SaaS Pricing Configurator
Calculate your ideal subscription tier pricing to maximize margins and cover churn.
Tip: Change one assumption at a time and compare result deltas before making pricing or hiring decisions.
This calculator helps founders and pricing teams estimate a sustainable monthly subscription price per user. It blends infrastructure cost, support cost, target gross margin, churn risk, and competitor positioning into one recommended price range.
1. Add customer and churn assumptions
Start with monthly active users and expected churn rate so the model can price with customer loss risk in mind.

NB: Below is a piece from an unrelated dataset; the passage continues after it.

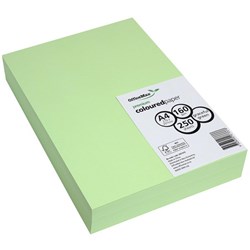 OfficeMax A4 160gsm Graceful Green Premium Coloured Copy Paper, Pack of 250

2. Add monthly operating cost
Enter infrastructure and support or ops costs that are directly tied to serving your user base.
3. Set the business target
Use the gross-margin slider to define the margin profile you want the product to achieve.
4. Compare the recommended price with the market
Enter a competitor benchmark to see whether your recommended price is above or below the market reference point.
Does the Rs / Dollar toggle convert values for me?
No. It changes the pricing unit only. Enter all cost and price inputs in the currency you want to analyze.
Is this price monthly per account or monthly per user?
This calculator presents the recommendation as a monthly price per user. Use it as a baseline when building actual plan tiers.
Why does churn affect recommended price?
Higher churn reduces customer continuity and increases pressure on pricing efficiency, so the calculator pushes toward a stronger unit-economics buffer.
What is the minimum viable price?
It is the lowest monthly price that still keeps the business from underpricing its cost base too aggressively.